- Official poster
- Directed by: Binod Poudel
- Written by: Binod Poudel
- Produced by: Rajendra Thakurathi Amitabh Joshi Kirtana Banskota Abeeral Thapa
- Starring: Bruce Dern
- Release date: April 25, 2025 (Nepal);
- Running time: 102 minutes
- Countries: United States Nepal
- Languages: English Nepali Dzongkha

= The World's Happiest Man =

The World's Happiest Man is a 2025 American-Nepalese drama film written and directed by Binod Poudel and starring Dayahang Rai, Hari Bansha Acharya and Bruce Dern.

==Cast==
- Bruce Dern
- Dayahang Rai
- Hari Bansha Acharya
- Pooja Chand-Lama
- Richa Ghimire
- Joss Pandey
- Tom Crain
- Aditi Pyakurel

==Production==
In January 2024, it was announced that Dern, Rai and Acharya were cast in the film and that filming occurred in Akron, Ohio.

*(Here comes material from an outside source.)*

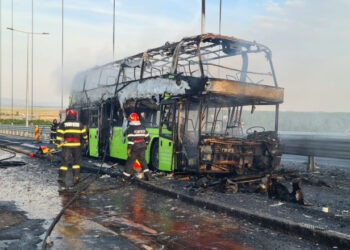 Un autocar cu cetățeni ucraineni a luat foc pe un pod din România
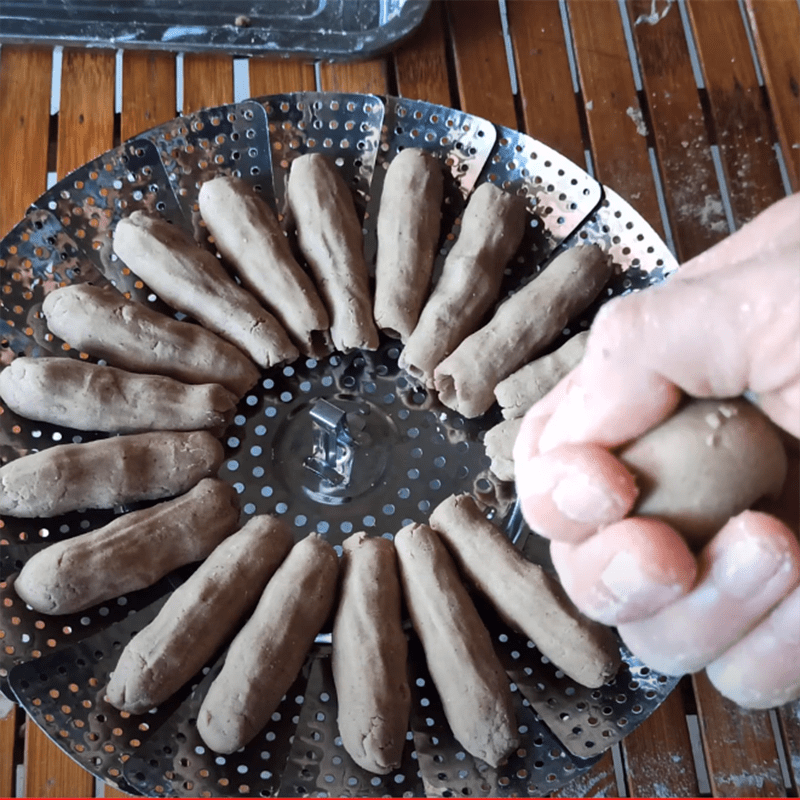 Step 2 Shape the cake for Tu Hu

As per report, the film has entered its final stage of post-production.

==Release==
The film was released in Nepal on April 25, 2025.

==Reception==
Sanskriti Pokharel of The Kathmandu Post gave the film a mixed to positive review, writing “All the characters in the movie deserve 10/10 for their performances.(…)Moreover, due to its nonlinear narrative style, the movie might be incomprehensible and too bizarre for some audiences.”

Sudiksha Tuladhar of the Nepali Times gave the film a negative review and wrote, “Scenes shift quickly throughout making the story difficult to follow at times. The use of symbolism is a trite overdone.”